Todos intercambiaron miradas, luego todos los ojos descansaron sobre el oficial superior, como si le avisaran que solo el decidiría. Con la cabeza hizo una señal a uno de sus camaradas,
— ¿Como cuanto hay en el maletín?,
—Más de 400 mil — interrumpió Cesar.
A lo lejos se escuchaban las sirenas de los refuerzos, así que el comandante se apresuró en decidir.
—Recoge tu arma y lárgate.
Cesar tomó su arma, los celulares de los cadáveres, y se marchó.
El hecho fue noticia por una semana, luego el tema se olvidó como muchos otros...
Cesar se encontraba muy tenso y estresado, entonces el Capitán Vinicio decidió enviarlo a un pequeño pueblecillo en el interior del país. Es allí donde conoció a Ana.

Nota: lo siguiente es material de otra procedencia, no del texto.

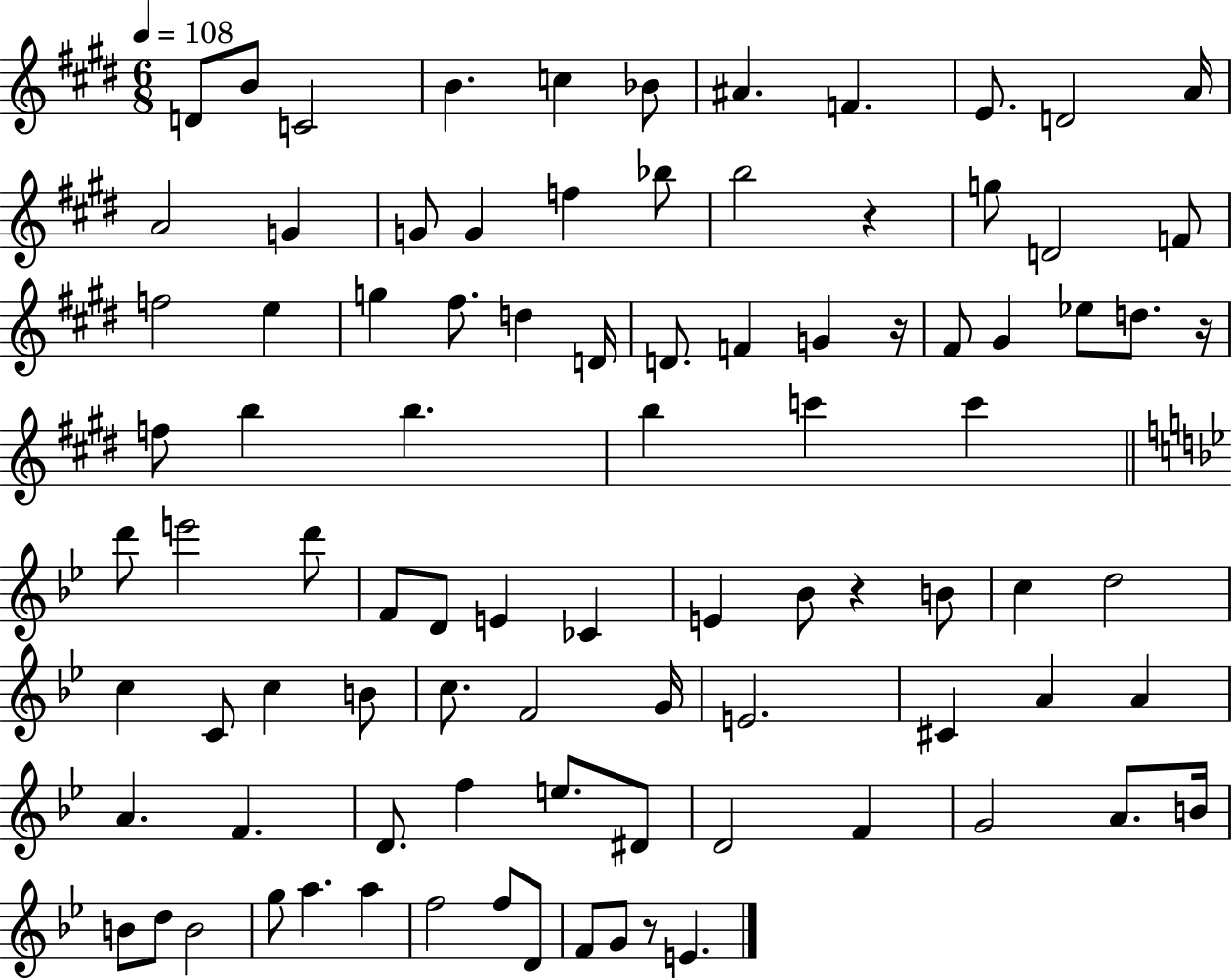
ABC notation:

X:1
T:Untitled
M:6/8
L:1/4
K:E
D/2 B/2 C2 B c _B/2 ^A F E/2 D2 A/4 A2 G G/2 G f _b/2 b2 z g/2 D2 F/2 f2 e g ^f/2 d D/4 D/2 F G z/4 ^F/2 ^G _e/2 d/2 z/4 f/2 b b b c' c' d'/2 e'2 d'/2 F/2 D/2 E _C E _B/2 z B/2 c d2 c C/2 c B/2 c/2 F2 G/4 E2 ^C A A A F D/2 f e/2 ^D/2 D2 F G2 A/2 B/4 B/2 d/2 B2 g/2 a a f2 f/2 D/2 F/2 G/2 z/2 E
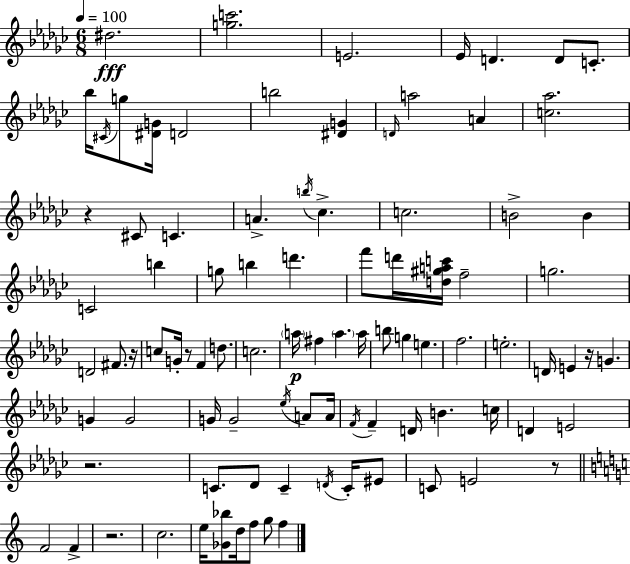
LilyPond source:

{
  \clef treble
  \numericTimeSignature
  \time 6/8
  \key ees \minor
  \tempo 4 = 100
  \repeat volta 2 { dis''2.\fff | <g'' c'''>2. | e'2. | ees'16 d'4. d'8 c'8.-. | \break bes''16 \acciaccatura { cis'16 } g''8 <dis' g'>16 d'2 | b''2 <dis' g'>4 | \grace { d'16 } a''2 a'4 | <c'' aes''>2. | \break r4 cis'8 c'4. | a'4.-> \acciaccatura { b''16 } ces''4.-> | c''2. | b'2-> b'4 | \break c'2 b''4 | g''8 b''4 d'''4. | f'''8 d'''16 <d'' gis'' a'' c'''>16 f''2-- | g''2. | \break d'2 fis'8. | r16 c''8 g'16-. r8 f'4 | d''8. c''2. | \parenthesize a''16\p fis''4 \parenthesize a''4. | \break a''16 b''8 g''4 e''4. | f''2. | e''2.-. | d'16 e'4 r16 g'4. | \break g'4 g'2 | g'16 g'2-- | \acciaccatura { ees''16 } a'8 a'16 \acciaccatura { f'16 } f'4-- d'16 b'4. | c''16 d'4 e'2 | \break r2. | c'8. des'8 c'4-- | \acciaccatura { d'16 } c'16-. eis'8 c'8 e'2 | r8 \bar "||" \break \key c \major f'2 f'4-> | r2. | c''2. | e''16 <ges' bes''>8 d''16 f''8 g''8 f''4 | \break } \bar "|."
}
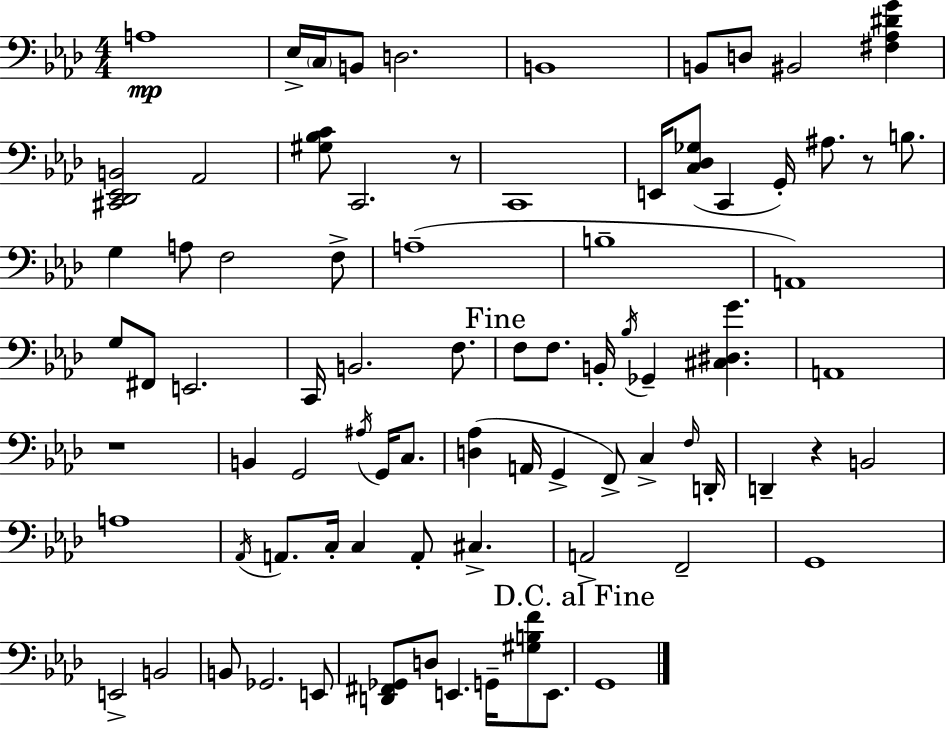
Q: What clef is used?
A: bass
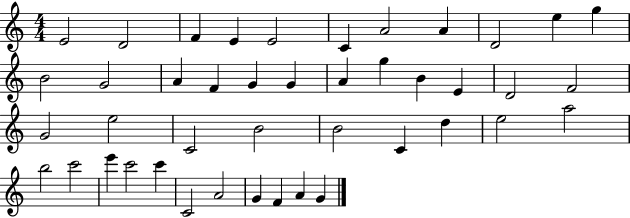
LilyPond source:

{
  \clef treble
  \numericTimeSignature
  \time 4/4
  \key c \major
  e'2 d'2 | f'4 e'4 e'2 | c'4 a'2 a'4 | d'2 e''4 g''4 | \break b'2 g'2 | a'4 f'4 g'4 g'4 | a'4 g''4 b'4 e'4 | d'2 f'2 | \break g'2 e''2 | c'2 b'2 | b'2 c'4 d''4 | e''2 a''2 | \break b''2 c'''2 | e'''4 c'''2 c'''4 | c'2 a'2 | g'4 f'4 a'4 g'4 | \break \bar "|."
}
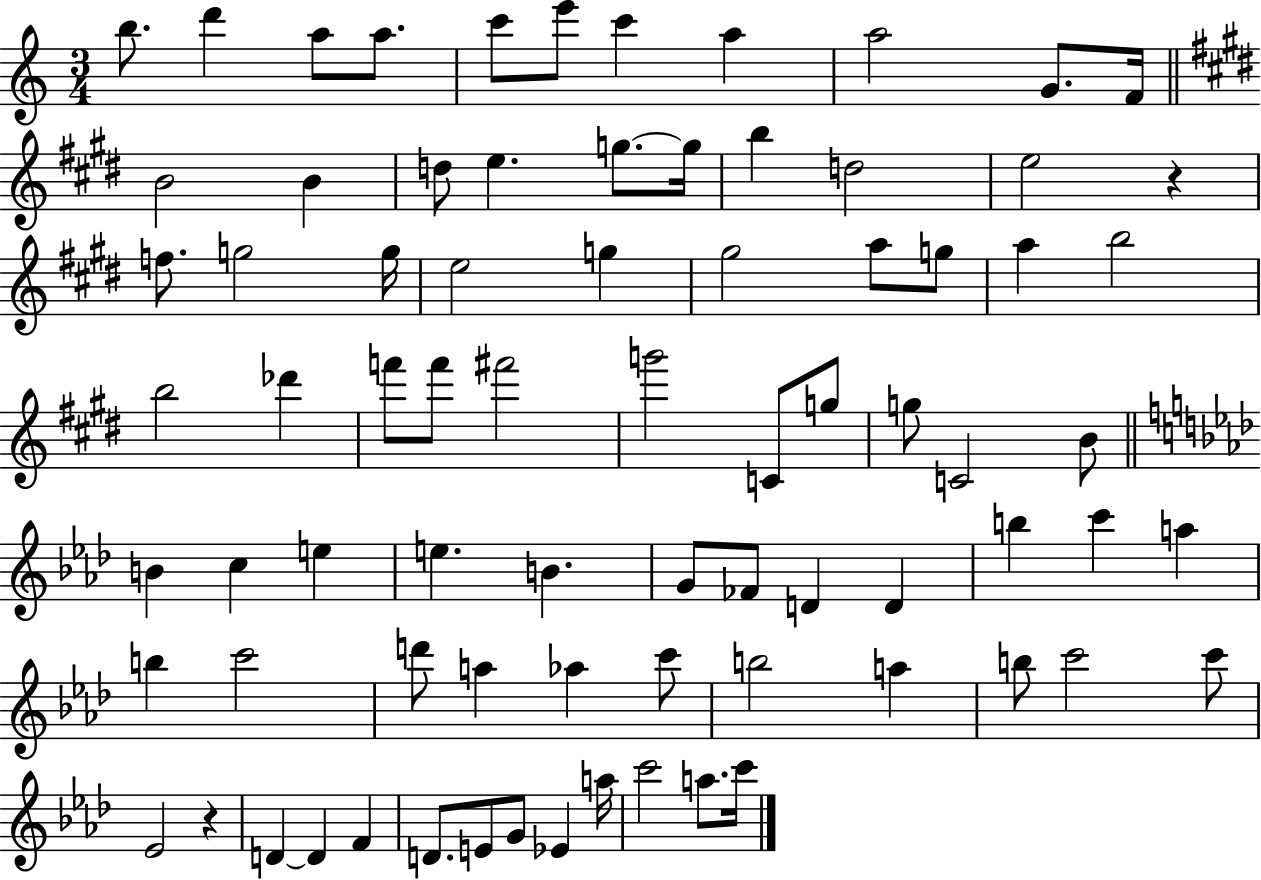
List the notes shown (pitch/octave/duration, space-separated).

B5/e. D6/q A5/e A5/e. C6/e E6/e C6/q A5/q A5/h G4/e. F4/s B4/h B4/q D5/e E5/q. G5/e. G5/s B5/q D5/h E5/h R/q F5/e. G5/h G5/s E5/h G5/q G#5/h A5/e G5/e A5/q B5/h B5/h Db6/q F6/e F6/e F#6/h G6/h C4/e G5/e G5/e C4/h B4/e B4/q C5/q E5/q E5/q. B4/q. G4/e FES4/e D4/q D4/q B5/q C6/q A5/q B5/q C6/h D6/e A5/q Ab5/q C6/e B5/h A5/q B5/e C6/h C6/e Eb4/h R/q D4/q D4/q F4/q D4/e. E4/e G4/e Eb4/q A5/s C6/h A5/e. C6/s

Ana era una hermosa niña de tan solo 13 años, delgada, de piel mulata, ojos negros y cabello rizado. Era muy madura para su edad y muy inteligente para un pueblecillo que solo ofrecía educación hasta 8vo grado. Ana anhelaba conocer la ciudad, terminar la escuela y tal vez ir a la universidad. Vivía con su madre, su padre la había abandonado mucho antes de nacer así que su madre se las arregló sola vendiendo comida en su casa. Un día Ana ayudaba a su madre con los clientes, de pronto entró El cabo Cesar. Su acento delató de inmediato que provenía de la ciudad. Ana lo miró con intriga y su apariencia de niña no fue obstáculo para que Cesar la mirara con ojos codiciosos. Desde ese día Ana siempre aprovechaba verle para abordarlo con preguntas sobre la ciudad e indicarle su deseo de salir de aquel pueblo.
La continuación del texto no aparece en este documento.